Josh Micah Marshall pushes a theory in today's Talking Points Memo. He points out that, "President Bush's fall in the polls coincides very closely with David Kay's initial comments stating that there almost certainly were no weapons of mass destruction in Iraq."
To which he and I both say, "good."
But I certainly didn't expect it to happen. In fact, if you scroll back through the Zwichenzug archives you'll find four or five posts expressing near panic as I watched the Bush Administration employ what looked to me like a planned strategy for dealing with what I thought was an inevitable admission.
Things only began to crack last Thursday when Tenet broke ranks and Kay subsequently allowed that any inquiry into intelligence failures should include an examination of the White House's use of intelligence. Kay is looking a lot more independent, and it's looking a lot less like there's a master plan.
I'm not the only one who misread events.
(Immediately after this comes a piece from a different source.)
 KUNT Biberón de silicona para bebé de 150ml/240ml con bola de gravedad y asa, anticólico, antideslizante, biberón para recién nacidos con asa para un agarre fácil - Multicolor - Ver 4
Josh Marshall didn't expect Bush's poll numbers to plummet and admits that he, "focused on the parts of Kay's comments and testimony which struck me as attempting to exonerate the administration."
So what happened? Again, Marshall has a theory. He points out that, "To those who've been closely following the on-going weapons search and what's been happening on the ground in Iraq, Kay's announcement was only news at the level of theatrics -- the historical value of the official statement of what's been obvious for many months." But because the announcement wasn't real information for us, Marshall's theory goes, we underestimated the effect the news would have on the majority of the electorate that still believed in WMDs.
I think this is on the right track, but falls somewhat short. The conventional wisdom, as Marshall notes, was that, "most voters weren't overly troubled by the failure to find any weapons in the country, especially so long as other aspects of the war were going at least tolerably well." What made that conventional wisdom compelling, at least to me, was the further belief that anybody who was likely to care about missing WMDs would have gone to the trouble of paying attention to the search. I'm beginning to think that the further belief is wrong.
At the start of the Iraq War a majority of Americans believed not only that Iraq had WMDs, but also that Iraq had played a key role in the 9-11 attacks. I was inclined to think that ignorance of this sort could only be explained by indifference and apathy.
Now I think my analysis was too simplistic. It's not that people either care or don't whether the country is headed in the right direction. Instead, they both care and don't want to be bothered. They place their trust in elected officials but expect those officials to do their best and to act in good faith.
If right, this makes Bush's precipitous drop in the polls understandable. In addition to the fact that his policies have been thrown into doubt, it also appears that he betrayed the apathetic voter's trust in him. He threatened not only the welfare of the nation, but also the apathetic voter's confidence that it's safe to tune politics out.